せっかくの機会なので、彼ら若人の姿勢に大いに学んでいきたいと思っています。
蘇る息づかい
【近況】
豊中Pont 3-8-4で、お菓子教室がはじまることになりました。
https://instagram.com/ripplering2009?igshid=MzRlODBiNWFlZA==
料理教室での間借り利用はオープン当初から想定していたものの、実現にはまだ至っておらず、今回ようやくスタートすることになって嬉しい限りです。
聞けばオーナーさんはもう10年以上前から自宅でのお菓子教室を開催してきたベテランで、一時は月に8グループもの生徒さんを抱えていたと聞きました。
コロナ禍で対面の教室ができないまま3年近くが経ち、今年ようやく再開をめざしてレンタルキッチンを探していたそうです。
近頃のテーマは「ベーキングセラピー」というキーワードで、お菓子作りの一連の流れ(素手で粉をさわる、形作る、焼き上がりを待つ など)が気持ちを落ち着けるのに役立つという視点を提案していくことを目指すそうです。

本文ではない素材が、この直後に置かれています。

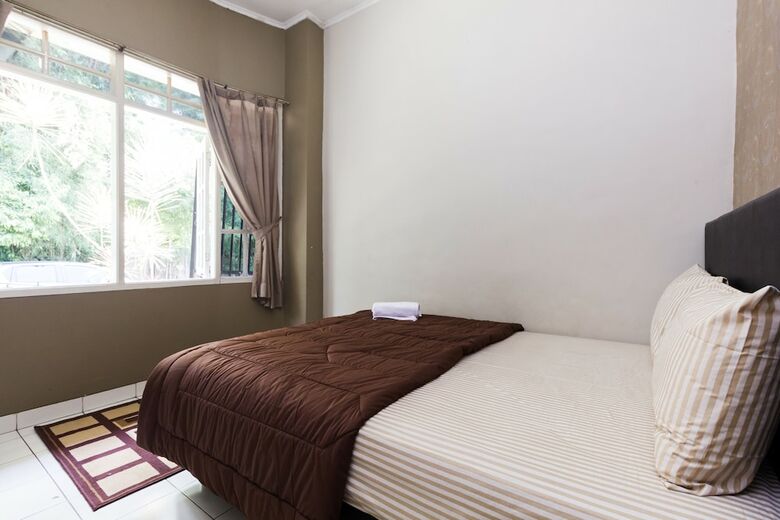 Hotel Pele Backpacker Guesthouse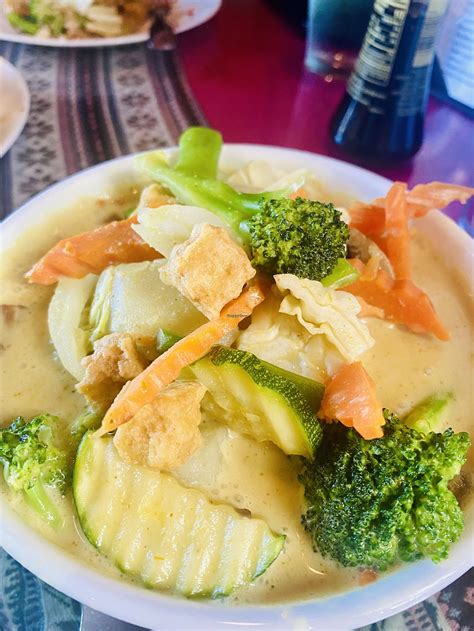 New Chiang Mai - Hilo | Review "Fresh & Delicious Thai Food" by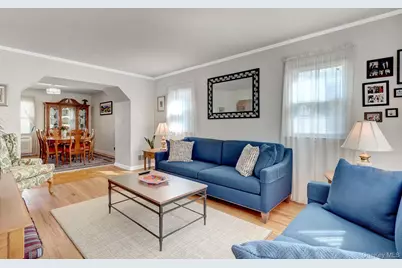 26919 81st Avenue, New Hyde Park, NY 11040 - Photo 5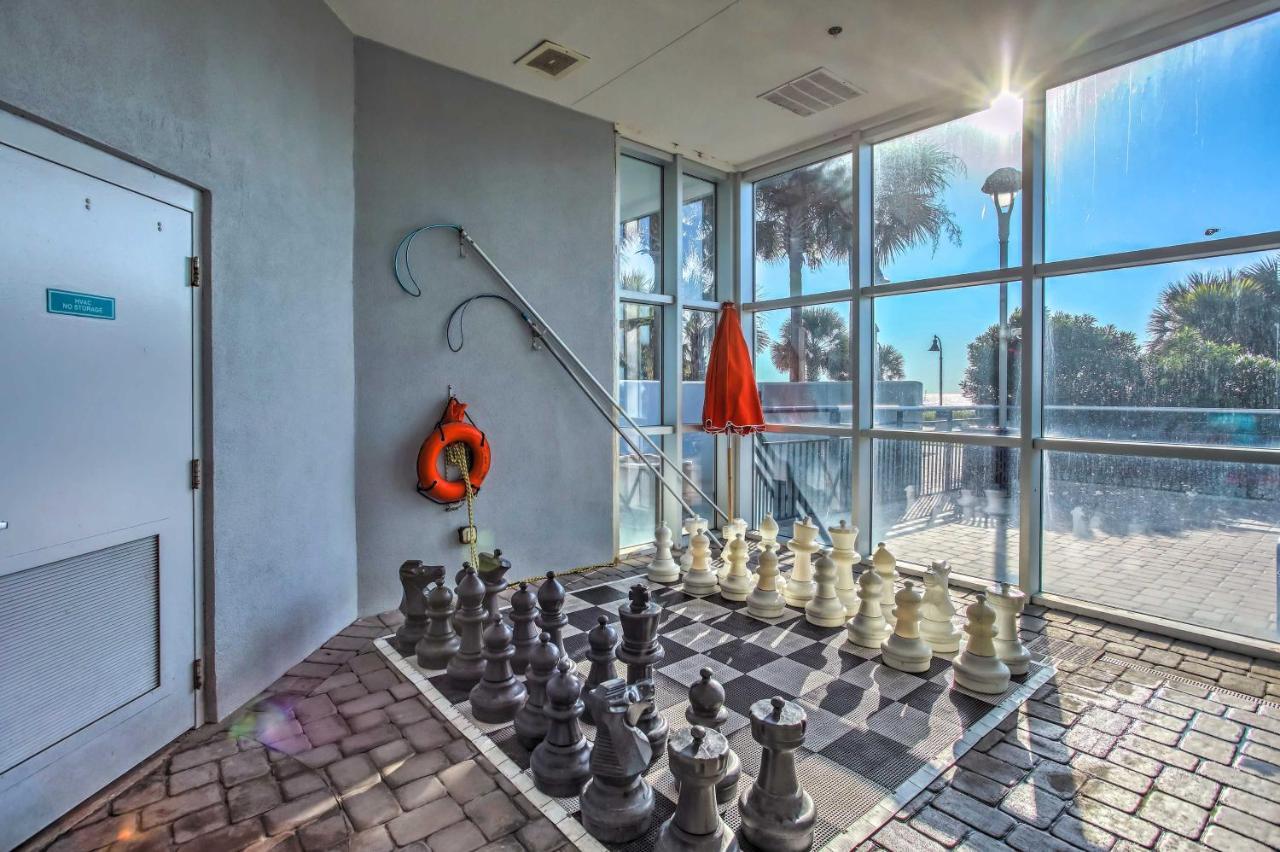 Apartment Beachfront Family With View And Pool Access *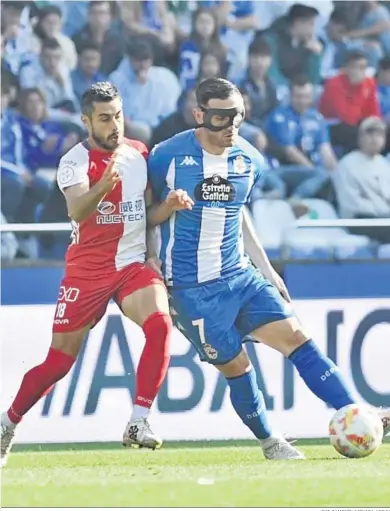  ?? DXT CAMPEÓN/MÓNICA ARCAY ?? David Martín persigue a Lucas Pérez, ayer en Riazor.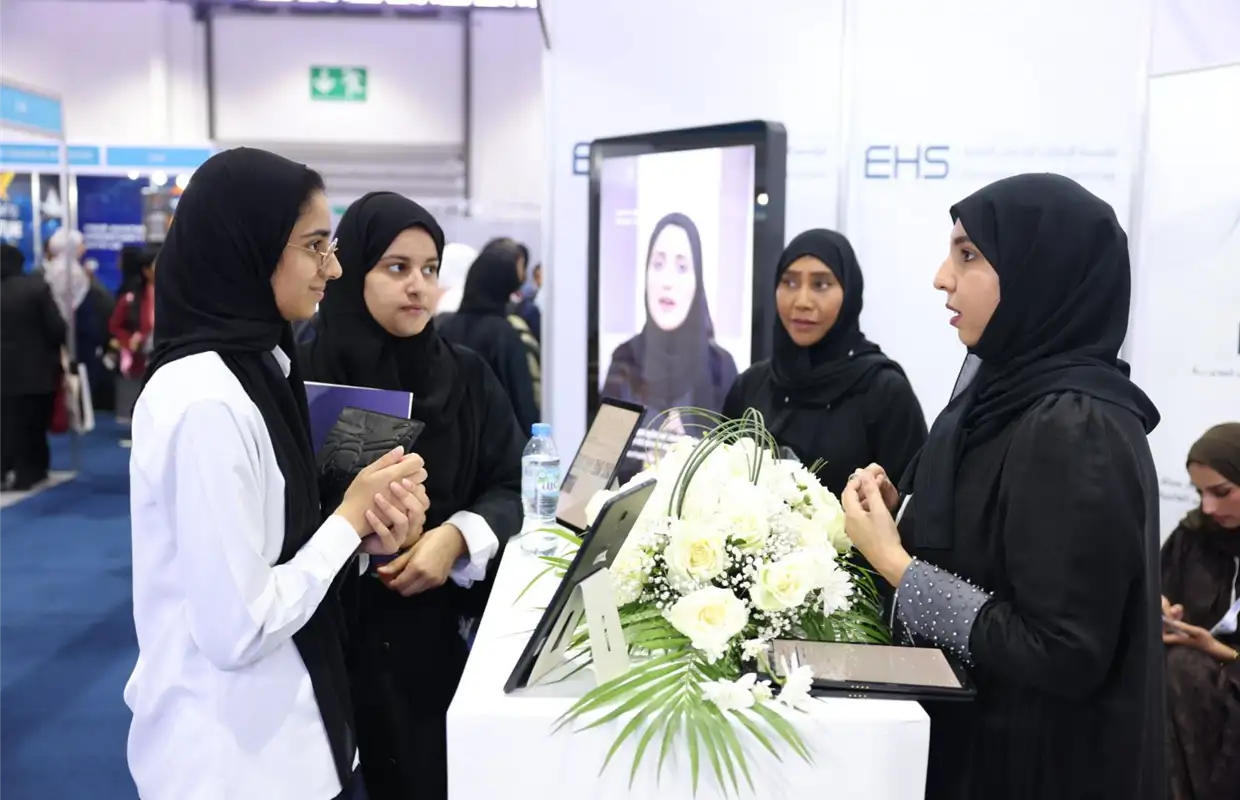 EHS participated in the 19th session of the International Education Fair 2023, held in Sharjah, the Emirates Health Services reviewed the “Masar” and “Bachelor of Nursing” programs, through which the EHS adopts high school students by providing distinguished, stimulating and supportive educational care that contributes to supporting the health sector with an elite group of specialized national cadres, especially in the field of medicine, nursing and other health specialties.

オーナーさんとの出店までの打ち合わせを通じて、料理教室もまたコロナ禍で遠のいた対面のコミュニケーションの一つだったことを痛感しました。改めていま、対面で何かを共有する魅力を生み出すお手伝いができることを嬉しく思います。
節度あるノスタルジー
【近況】
ほぼ毎朝仕入れに立ち寄る鶴橋駅前には、早朝から買い物ができる肉、野菜、鮮魚その他専門店が集まった市場があります。
一帯は戦後の闇市が始まりといわれ、商店街の中は看板から屋根から照明、電線、アーケードなど長年継ぎ足しで増築していったと見られる複雑な構造で、自分が小さい頃祖母によく連れられてきた30うん年前から、その印象は今もほとんど変わりません。混沌とした細い道の奥はどこまで続いているんだろうと考えるのは大人になった今でも楽しくあります。
最近は韓国若者カルチャーを反映した飲食店や物販店が増え、それらの派手な電飾と色使いがあいまってさらにエネルギッシュな雰囲気に満ちています。
そんな一角に古くからの鮮魚市場があります。朝から海の匂いが立ちこめる、コンクリートと裸電球が剥き出しのその一角は、鮮魚だけでなく塩干物、昆布・鰹節、促成野菜(刺身のつまなど和食の添え物)、珍味、消耗品パッケージ類など食にまつわるいろんなものが手に入る場所でした。
しかし、耐震基準を理由とした取り壊しを前に2年前、入居する業者に立退きと引越しが求められていました。
そもそも高齢の店主が営む店が多かったためか、それを受けて7割くらいの店が閉店の貼り紙を出していたように思います。残り3割の半分はすぐ近くの閉場した別の市場があったエリアを個々に改築して移転し、もう半分の店舗は立ち退きに反対という姿勢で引き続き同じ場所で営業を続けました。それなりににぎやかだった市場の半分はほぼ真っ暗となり、残った店舗の灯りだけとなって2年が経ちました。
先日電車から、市場の屋上駐車場が取り壊されているのが見えました。時折立ち寄る魚屋さんにいよいよ立ち退きなのかとたずねてみると、市場の入る建物の半分を先に取り壊して新たに小さな商店エリアを作り、今残る店舗がみなそこに移転するということでした。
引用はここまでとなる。